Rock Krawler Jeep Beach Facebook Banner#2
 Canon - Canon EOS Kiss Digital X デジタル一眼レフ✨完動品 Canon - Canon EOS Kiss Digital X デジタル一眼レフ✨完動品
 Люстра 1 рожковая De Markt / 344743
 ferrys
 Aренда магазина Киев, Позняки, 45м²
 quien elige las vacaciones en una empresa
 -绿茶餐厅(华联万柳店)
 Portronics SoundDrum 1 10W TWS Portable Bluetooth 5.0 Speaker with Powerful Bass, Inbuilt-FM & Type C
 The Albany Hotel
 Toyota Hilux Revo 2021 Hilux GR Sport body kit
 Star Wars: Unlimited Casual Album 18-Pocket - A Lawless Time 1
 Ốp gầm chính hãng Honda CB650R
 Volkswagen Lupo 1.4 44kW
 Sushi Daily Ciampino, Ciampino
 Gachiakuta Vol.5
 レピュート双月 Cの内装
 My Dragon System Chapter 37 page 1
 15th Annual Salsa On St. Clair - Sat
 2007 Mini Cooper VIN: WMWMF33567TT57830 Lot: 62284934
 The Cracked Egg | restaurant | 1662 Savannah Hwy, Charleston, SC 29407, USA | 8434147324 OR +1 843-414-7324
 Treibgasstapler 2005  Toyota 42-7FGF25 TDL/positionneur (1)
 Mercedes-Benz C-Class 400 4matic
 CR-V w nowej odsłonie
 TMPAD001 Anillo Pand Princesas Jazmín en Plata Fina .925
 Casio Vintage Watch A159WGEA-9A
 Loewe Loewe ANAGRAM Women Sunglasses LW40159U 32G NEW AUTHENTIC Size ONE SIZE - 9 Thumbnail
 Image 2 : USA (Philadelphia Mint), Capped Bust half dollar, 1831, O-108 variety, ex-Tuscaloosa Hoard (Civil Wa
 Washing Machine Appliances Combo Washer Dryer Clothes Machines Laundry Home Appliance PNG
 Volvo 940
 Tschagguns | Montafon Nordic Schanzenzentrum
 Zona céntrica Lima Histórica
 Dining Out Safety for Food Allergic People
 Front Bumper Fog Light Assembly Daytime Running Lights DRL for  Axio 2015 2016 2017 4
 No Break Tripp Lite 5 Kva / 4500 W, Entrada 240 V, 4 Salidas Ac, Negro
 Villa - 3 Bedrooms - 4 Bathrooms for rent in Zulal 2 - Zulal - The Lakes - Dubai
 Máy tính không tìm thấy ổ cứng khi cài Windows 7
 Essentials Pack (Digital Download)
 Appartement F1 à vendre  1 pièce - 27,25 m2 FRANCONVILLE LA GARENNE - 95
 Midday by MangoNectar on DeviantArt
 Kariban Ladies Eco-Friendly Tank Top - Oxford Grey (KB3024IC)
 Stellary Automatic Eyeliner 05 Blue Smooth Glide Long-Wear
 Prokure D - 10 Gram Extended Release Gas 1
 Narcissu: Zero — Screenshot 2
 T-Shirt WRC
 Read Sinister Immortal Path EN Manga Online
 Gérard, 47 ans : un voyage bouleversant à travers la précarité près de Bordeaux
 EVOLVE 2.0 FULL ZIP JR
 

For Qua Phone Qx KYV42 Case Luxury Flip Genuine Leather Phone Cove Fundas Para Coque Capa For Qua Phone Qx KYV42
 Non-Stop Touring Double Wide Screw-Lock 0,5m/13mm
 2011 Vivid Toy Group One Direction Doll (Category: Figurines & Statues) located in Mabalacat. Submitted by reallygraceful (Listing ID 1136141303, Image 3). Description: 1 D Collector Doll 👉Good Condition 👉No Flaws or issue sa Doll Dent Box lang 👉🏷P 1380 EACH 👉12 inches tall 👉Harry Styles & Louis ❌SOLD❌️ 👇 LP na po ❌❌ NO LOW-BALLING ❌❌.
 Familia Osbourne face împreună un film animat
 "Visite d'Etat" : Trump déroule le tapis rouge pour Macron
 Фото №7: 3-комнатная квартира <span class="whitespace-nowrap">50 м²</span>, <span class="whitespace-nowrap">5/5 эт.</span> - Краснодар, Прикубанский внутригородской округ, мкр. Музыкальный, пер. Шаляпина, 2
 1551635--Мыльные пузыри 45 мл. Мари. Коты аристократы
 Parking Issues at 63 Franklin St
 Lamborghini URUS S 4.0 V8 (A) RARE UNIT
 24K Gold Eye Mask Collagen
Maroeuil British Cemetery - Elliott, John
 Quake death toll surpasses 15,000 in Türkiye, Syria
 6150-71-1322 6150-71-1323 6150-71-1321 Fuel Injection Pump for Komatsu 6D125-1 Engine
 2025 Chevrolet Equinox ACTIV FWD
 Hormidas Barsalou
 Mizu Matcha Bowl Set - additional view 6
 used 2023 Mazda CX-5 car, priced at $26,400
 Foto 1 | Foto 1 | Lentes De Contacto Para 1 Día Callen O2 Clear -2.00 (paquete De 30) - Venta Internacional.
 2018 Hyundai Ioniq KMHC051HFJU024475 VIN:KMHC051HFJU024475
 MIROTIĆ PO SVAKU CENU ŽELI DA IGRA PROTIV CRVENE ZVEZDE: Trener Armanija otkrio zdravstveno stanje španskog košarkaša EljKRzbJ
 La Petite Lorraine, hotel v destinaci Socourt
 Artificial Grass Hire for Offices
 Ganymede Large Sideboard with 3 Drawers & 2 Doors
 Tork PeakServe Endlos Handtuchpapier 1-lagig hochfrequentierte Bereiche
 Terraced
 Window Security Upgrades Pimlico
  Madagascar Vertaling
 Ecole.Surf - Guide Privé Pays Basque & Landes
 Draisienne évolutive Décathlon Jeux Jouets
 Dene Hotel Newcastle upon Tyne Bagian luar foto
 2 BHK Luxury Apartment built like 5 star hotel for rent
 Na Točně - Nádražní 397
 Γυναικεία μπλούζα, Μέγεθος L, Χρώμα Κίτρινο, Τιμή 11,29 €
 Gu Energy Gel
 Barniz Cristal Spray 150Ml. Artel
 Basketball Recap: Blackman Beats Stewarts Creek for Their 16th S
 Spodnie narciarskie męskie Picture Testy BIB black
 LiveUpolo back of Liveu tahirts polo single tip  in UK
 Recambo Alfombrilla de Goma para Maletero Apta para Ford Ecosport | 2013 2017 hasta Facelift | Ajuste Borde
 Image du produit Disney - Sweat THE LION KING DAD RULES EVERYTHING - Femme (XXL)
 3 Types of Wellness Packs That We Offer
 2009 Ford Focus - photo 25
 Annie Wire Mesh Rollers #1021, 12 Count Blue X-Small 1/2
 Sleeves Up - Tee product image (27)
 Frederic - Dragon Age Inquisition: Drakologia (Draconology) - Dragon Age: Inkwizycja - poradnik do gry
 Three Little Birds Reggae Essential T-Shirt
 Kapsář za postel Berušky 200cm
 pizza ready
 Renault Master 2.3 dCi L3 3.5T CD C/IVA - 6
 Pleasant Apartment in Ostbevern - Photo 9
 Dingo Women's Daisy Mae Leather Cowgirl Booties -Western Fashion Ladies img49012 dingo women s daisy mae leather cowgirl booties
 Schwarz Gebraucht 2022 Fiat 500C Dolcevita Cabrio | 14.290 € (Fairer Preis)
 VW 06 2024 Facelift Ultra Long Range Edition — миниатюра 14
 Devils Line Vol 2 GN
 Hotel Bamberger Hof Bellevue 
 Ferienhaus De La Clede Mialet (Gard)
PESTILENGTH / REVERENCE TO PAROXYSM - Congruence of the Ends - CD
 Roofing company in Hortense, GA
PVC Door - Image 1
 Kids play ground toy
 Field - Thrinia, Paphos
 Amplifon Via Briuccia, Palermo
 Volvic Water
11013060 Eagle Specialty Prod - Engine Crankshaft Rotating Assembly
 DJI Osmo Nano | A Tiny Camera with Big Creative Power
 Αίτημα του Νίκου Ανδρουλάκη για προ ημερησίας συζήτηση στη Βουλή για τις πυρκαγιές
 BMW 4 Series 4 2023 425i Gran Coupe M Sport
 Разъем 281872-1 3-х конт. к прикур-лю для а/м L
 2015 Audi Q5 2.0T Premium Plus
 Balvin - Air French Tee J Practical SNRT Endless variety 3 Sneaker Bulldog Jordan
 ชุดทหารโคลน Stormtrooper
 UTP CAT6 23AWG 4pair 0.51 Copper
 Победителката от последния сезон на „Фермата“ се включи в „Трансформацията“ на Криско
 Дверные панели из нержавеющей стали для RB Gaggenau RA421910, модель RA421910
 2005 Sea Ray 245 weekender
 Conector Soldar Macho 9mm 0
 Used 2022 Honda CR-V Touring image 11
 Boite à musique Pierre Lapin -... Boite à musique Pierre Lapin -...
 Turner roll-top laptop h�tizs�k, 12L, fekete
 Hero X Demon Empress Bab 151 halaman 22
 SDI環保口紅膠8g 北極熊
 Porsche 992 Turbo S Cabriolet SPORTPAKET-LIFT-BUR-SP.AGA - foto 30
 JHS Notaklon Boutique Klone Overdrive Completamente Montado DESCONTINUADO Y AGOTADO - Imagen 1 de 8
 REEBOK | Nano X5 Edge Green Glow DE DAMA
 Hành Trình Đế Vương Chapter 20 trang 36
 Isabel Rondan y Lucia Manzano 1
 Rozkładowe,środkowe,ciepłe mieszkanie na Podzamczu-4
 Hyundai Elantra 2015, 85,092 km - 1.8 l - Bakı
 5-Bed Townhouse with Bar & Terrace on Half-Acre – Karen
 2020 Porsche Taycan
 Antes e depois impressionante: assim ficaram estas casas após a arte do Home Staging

##############################

Only the lines containing the string "Honda" are needed; pull them out of the records.

- _Result_:
 Ốp gầm chính hãng Honda CB650R
 Used 2022 Honda CR-V Touring image 11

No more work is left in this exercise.